Saturday 28 July 2018 marks the 80th anniversary of the launch of Mauretania, the second Cunard liner to bear the name – the first having enjoyed a long and successful career. She was built at Cammell Laird’s in Birkenhead, and was the largest transatlantic liner built on the Mersey.
On Monday Cunard’s Queen Elizabeth was here in Liverpool, and I was fortunate enough to attend a service at St Nick’s to celebrate this anniversary, organised by Liverpool Parish Church in partnership with Cunard and Cammell Laird.
On 28 July 1938, more than 50,000 people crowded around slipway No. 6 at Cammell Laird to watch the launch. Many others paid two shillings to stand on the decks of the Mersey ferries in order to watch the spectacle from the river.

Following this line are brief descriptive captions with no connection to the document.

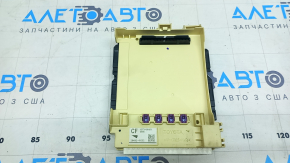Блок предохранителей салонный Toyota Camry v70 21-24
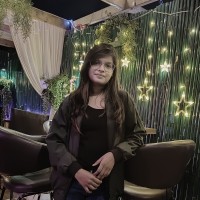 Palak Jain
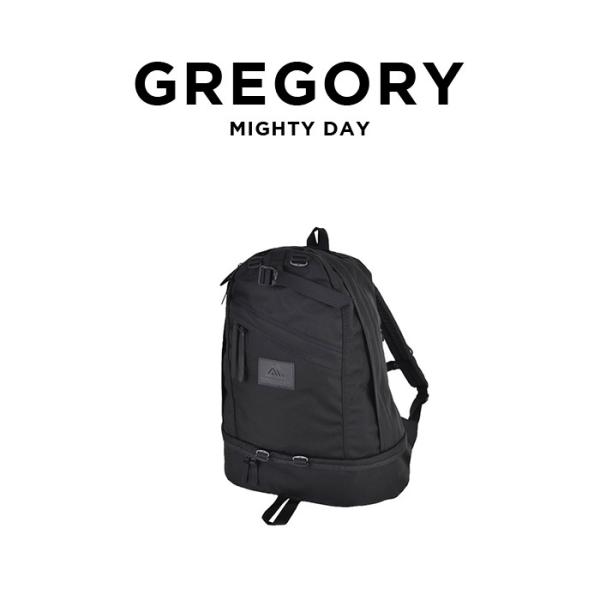 GREGORY MIGHTY DAY V2 グレゴリー マイティーデイ バッグ リュック リュックサ...
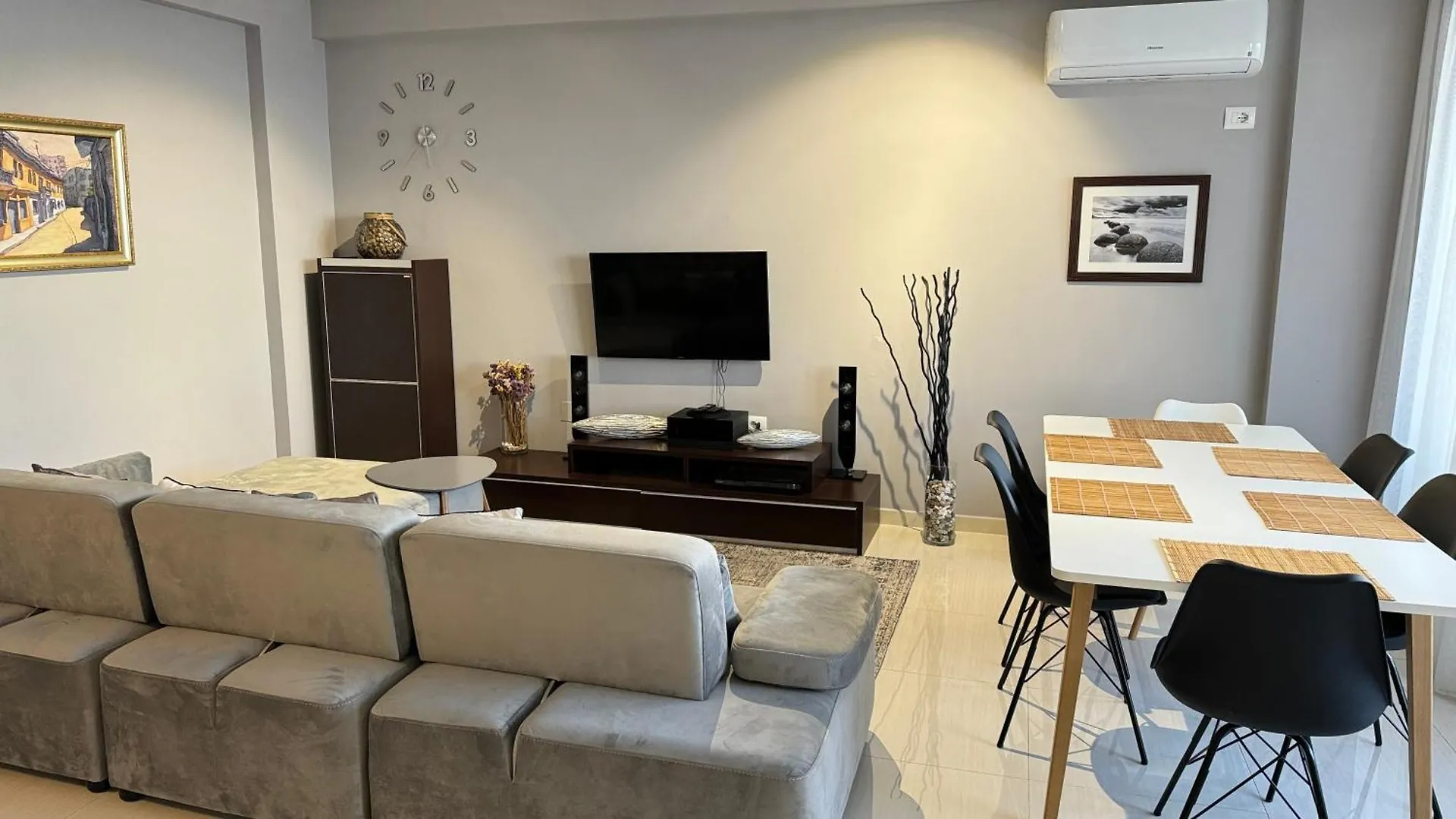 Bs Apartment 6 Durres
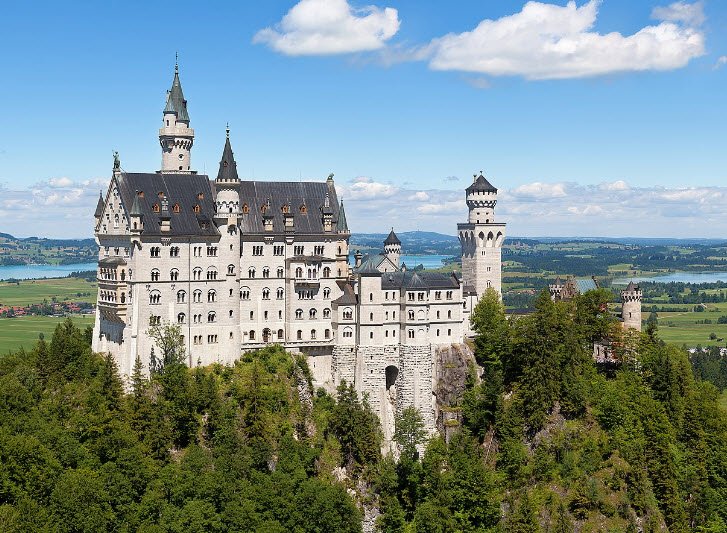 Waltern Castle, Germany, Germany
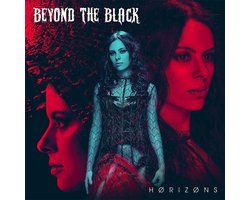 Beyond The Black - Horizons (CD)
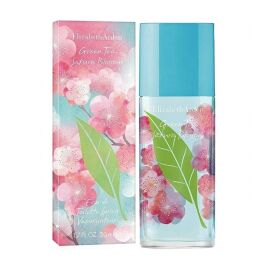 Elizabeth Arden Green Tea Sakura Blossom, Тип: Туалетная вода, Объем, мл.: 100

She made her way down the slipway and in to the river just after noon that day, before being berthed in Cammell Laird’s wet basin where 5,000 skilled workers took on the enormous task of fitting her out.
Mauretania embarked on her maiden voyage from Liverpool to New York on 17 June 1939. She had only completed a couple of Atlantic crossings when the Second World War broke out, and was requisitioned for war service by the British Government. In early 1940 she sailed from New York to Sydney to be converted in to a troopship. During her war service she carried more than 350,000 troops, and repatriated thousands more after the war ended.
In September 1946 she returned to Liverpool to be given a complete refurbishment and a fresh start. Liverpool ceased to be her home port soon afterwards, and Southampton became her new base.
She had a fantastic reputation but due to the increasing competition of more modern shipping and also the arrival of regular and cheap air travel, Cunard found themselves losing money.
Towards the end of her service, she was mainly used for cruising between New York and the West Indies. She was withdrawn from service in 1965, sold, and sent to the shipbreaker’s yard in Inverkeithing on the Firth of Forth.
Here in Merseyside Maritime Museum we have a number of items on display from Mauretania, but the most impressive are the 6 decorative glass panels that were originally fitted in the Cabin Class Dining Room on board. Each featured a design based on a constellation, to represent either the history of the first Mauretania, or important dates relating to the second Mauretania. You can view them in our Life at Sea gallery on the First Floor of the museum. A rather magnificent series of mirrored glass panels are also on display in the Craft and Design gallery at the Walker Art Gallery, where 13 panels are mounted together to form a clock face. This clock face was also displayed in the Cabin Class Dining Room, and the design features the sun surrounded by planets of our solar system. This impressive was originally sat at the end of the Cabin Class Dining Room.
The Waterfront will be a hive of activity this weekend, with the Clipper Race due to finish here in Liverpool. If you are standing by the river, take a moment to imagine the sight 80 years ago when Mauretania announced its arrival, and a new chapter in the history of Cunard and Liverpool, as the company’s spiritual home.